In any scenario, this is going to put a lot of strain on the roads, and on other transport systems.  The opposite of efficiency is resiliency, and as efficient as these systems might seem to be, they will have a very large Achilles heel, and be far more prone to catastrophic failures, like every other modern system that exists.  Ever since the steam engine was made more efficient, practically every bit of technology that has been made better, has been used more.
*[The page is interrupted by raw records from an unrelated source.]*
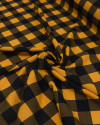 Tecido Viscose Quadriculado Preto e Amarelo Queimado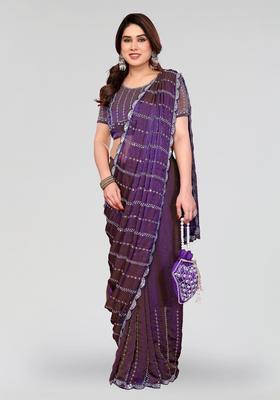 Purple Beads Work Silk Saree Set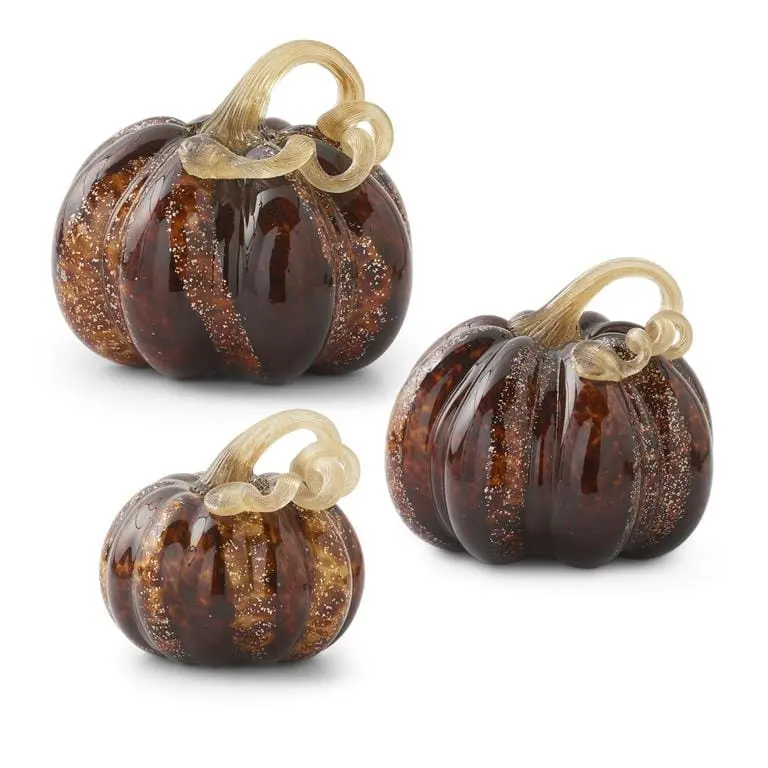 Brown Speckled Handblown Glass Pumpkins - 3 Sizes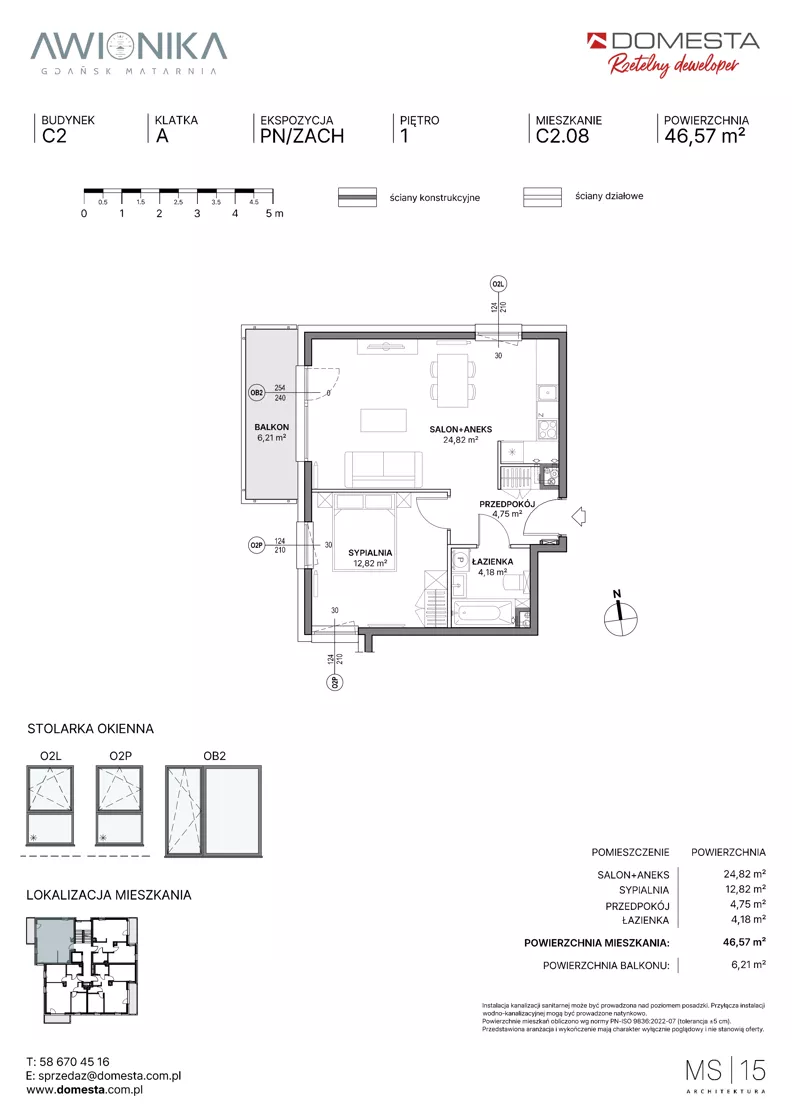 2 pokoje, mieszkanie 46,57 m², piętro 1, oferta nr C2.08, Awionika, Gdańsk, Matarnia, ul. Radiowa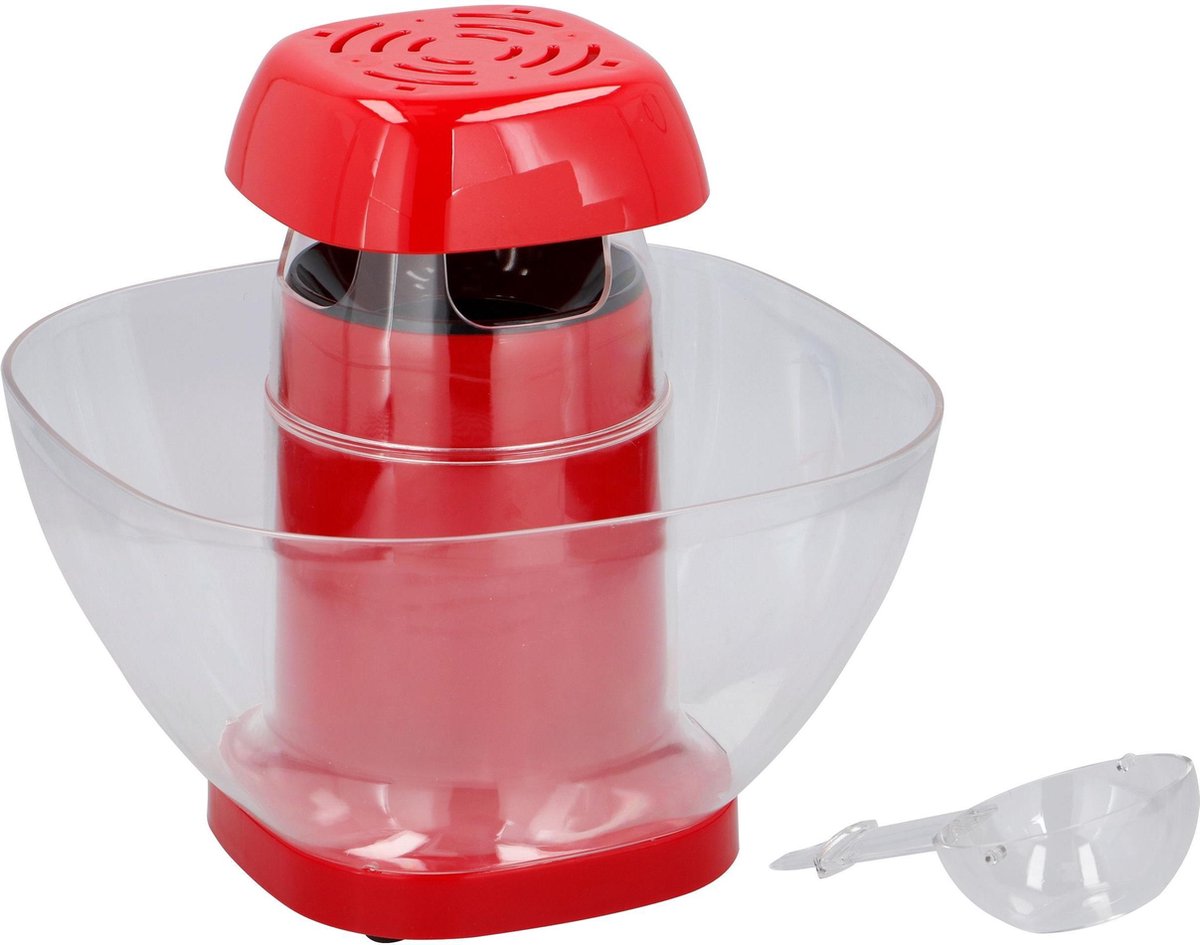 Popcornmaker - 1200W - warmeluchtcirculatie - bereiding zonder boter of olie - rood - maatlepel inbegrepen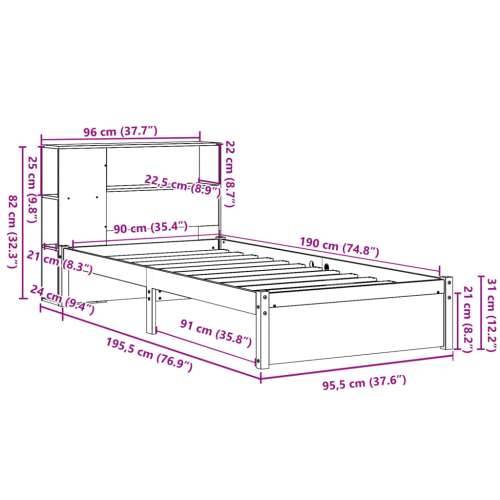 Krevet s regalom za knjige bez madraca 90x190 cm od borovine - Prirodna 90 x 190 cm Cijena
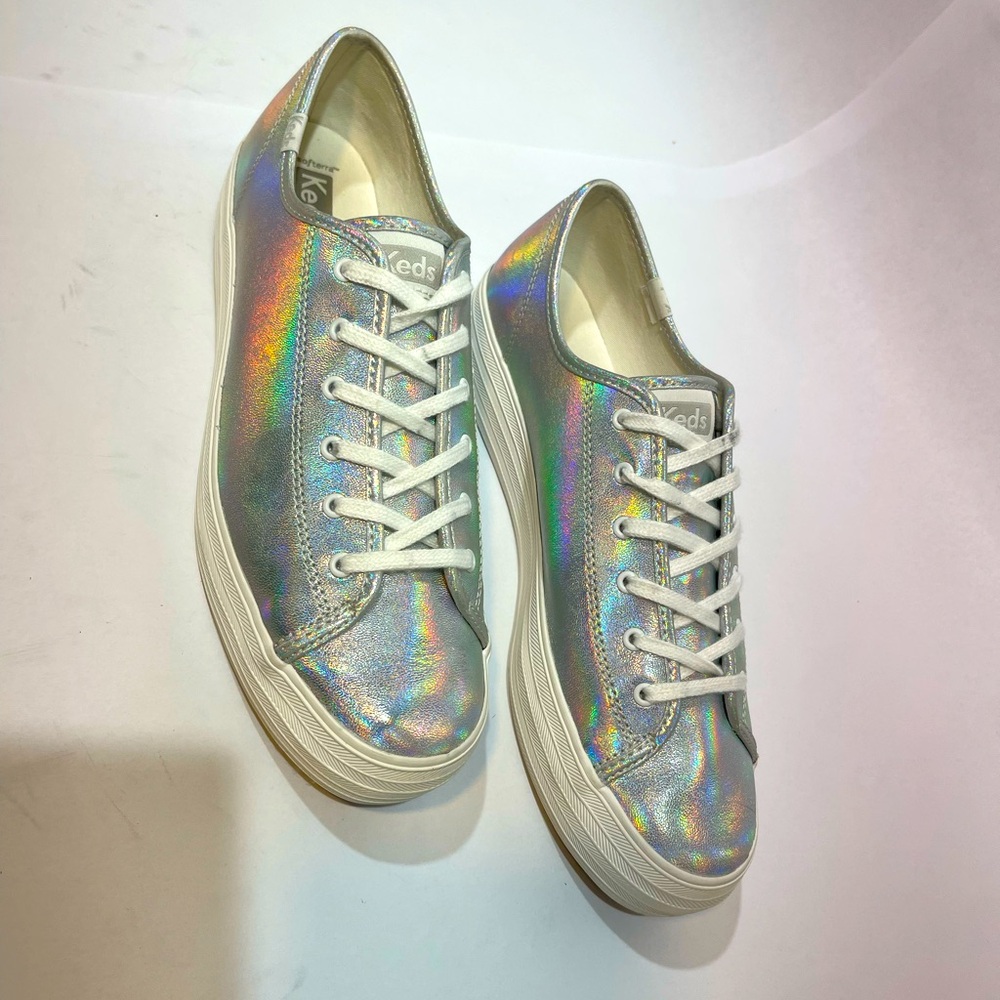 Keds Iridescent Silver Sneakers
Size 10 NWOT - Picture 6 of 16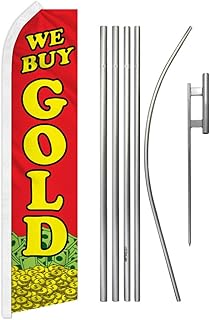 We Buy Gold (Red) Swooper Advertising Flag & Pole Kit - Perfect for Pawn Shops, Consignment Shops, Loan Shops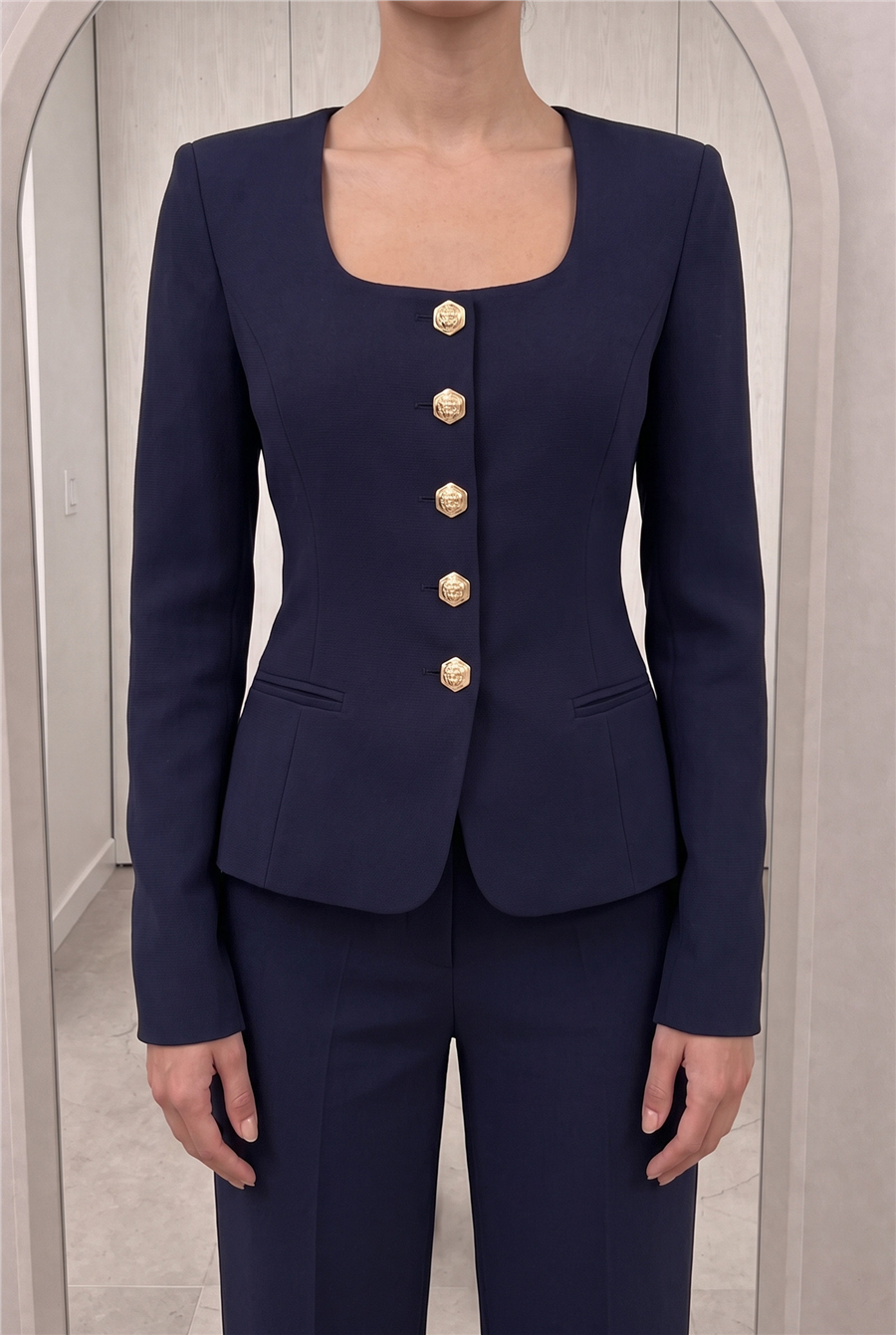 Jane Button Tailored Suit Lacivert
Jevon’s Paradox.  It’s real.

Questions:

  • What other nifty inventions will have obvious or not-so-obvious side effects?
  • If someone comes up with a great idea or machine which makes things better/cheaper/faster (typically, you only get two of those), how can these things be limited so that Jevon’s Paradox doesn’t kick in?
  • Imagine the failure mode of the GPS network being hacked, or the cars themselves have been hacked.  How does everyone get home then?  How efficient is travel when a snowstorm makes self-driving cars difficult to navigate (and if many people have forgotten how to drive)?